K+ Channels and Some Familiar Antiepileptic Drugs: Evaluation of Their the Structure-Activity Relationships with Molecular Docking Analysis

Abstract

This study includes the structure-activity relationship of active molecules that are commonly used in the treatment of convulsive seizures in epileptic diseases. Well-known epileptic active molecules studied are: Vigabatrin, Lokosamidine, Zonisamide, Oxcarbazepine, Levetiresetam, Tiagabine, Topiramate, Lamotrigin, Gabapentin, Felbamat, Ethosuximide, Valproic Acid, Mesuximide, Ethotoin, Primidon, Trimethadion, Phenytoin, Remasemide, Mephenytoin. These molecules, which were selected considering the physiopathological mechanisms of action of epileptic disease, were considered suitable for molecular docking studies since they were used as a potential antiepileptic agent. In addition, it was focused on the potassium channels, which were prominent in the mechanisms of epilepsy. During the action potential that triggers seizure formation, inward rectifying potassium channels (KIR3.2) make a important role providing the flow of K+ ions. Thus, PDB ID: 4KFM receptor was chosen for molecular docking study, since its act as an agonist according to its activity on the canal in the case of epileptic seizures formation. The result of molecular docking analysis demonstrated that Phenytoin gave the best binding affinity for 4KFM with a value of -6.2 kcal/mol.
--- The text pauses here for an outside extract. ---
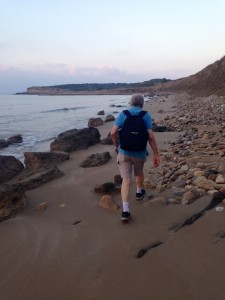 Michael Knipe, 76, takes off with gusto on his 23-kilometer MedTrek with The Idiot in Dipkarpaz, yprus.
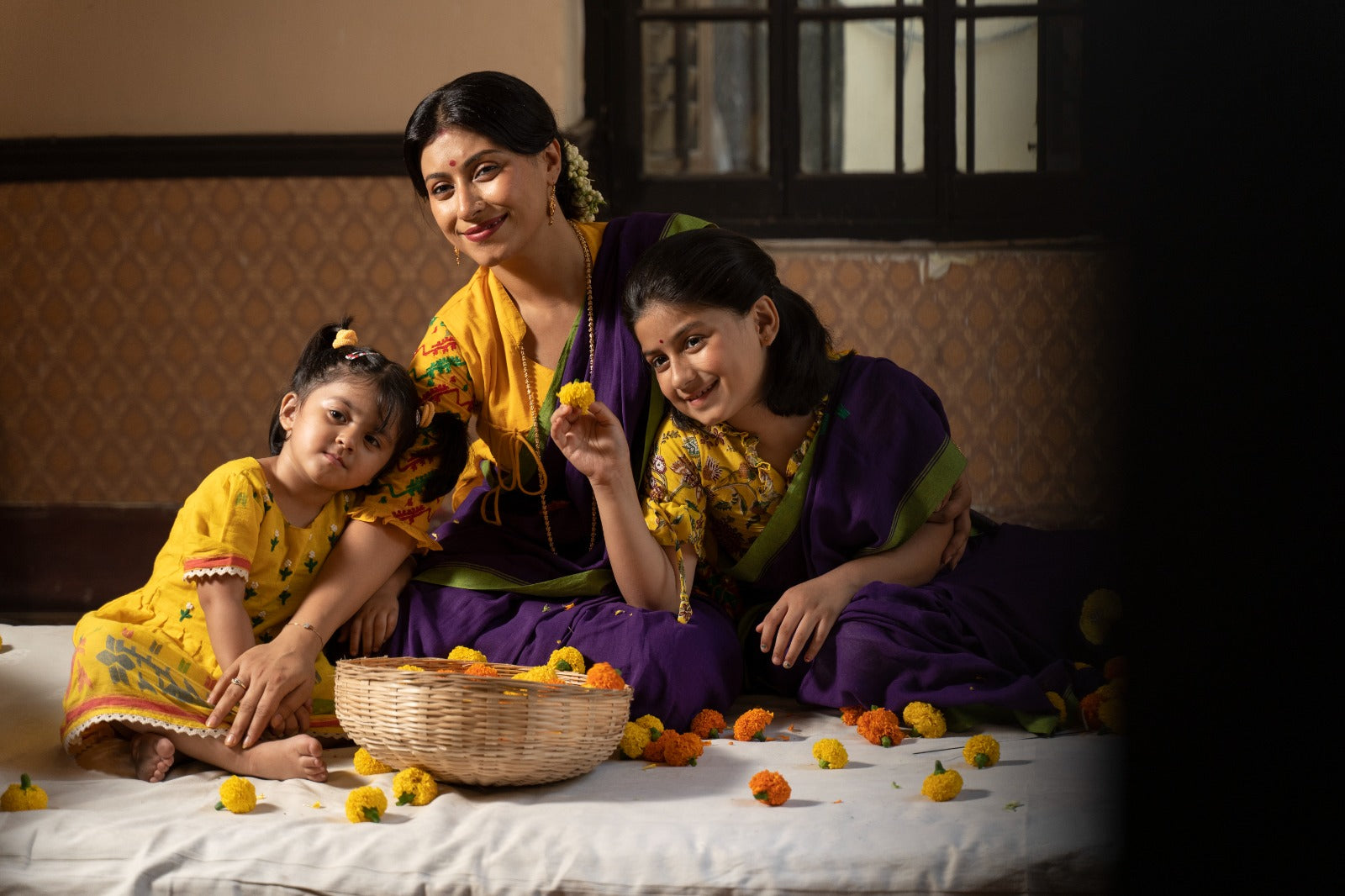 Purple Marigold Saree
Other analysis in descending order (as kcal/mol); Oxcarbazepine (-6,0), Remasemide (-5.9), Topiramate and Primidon (-5.8), Tiagabine, Felbamat and Mesuximide (-5.7), Lamotrigin (-5.6) Zonisamide, Ethotoin and Mephenytoin, Lokosamidine (-5.5), Gabapentin (-4.8), Trimethadion (-4.7), Ethosuximide (-4.6), Levetiresetam (-4.5), Vigabatrin (-4.0), Valproic Acid (-3.9) determined as.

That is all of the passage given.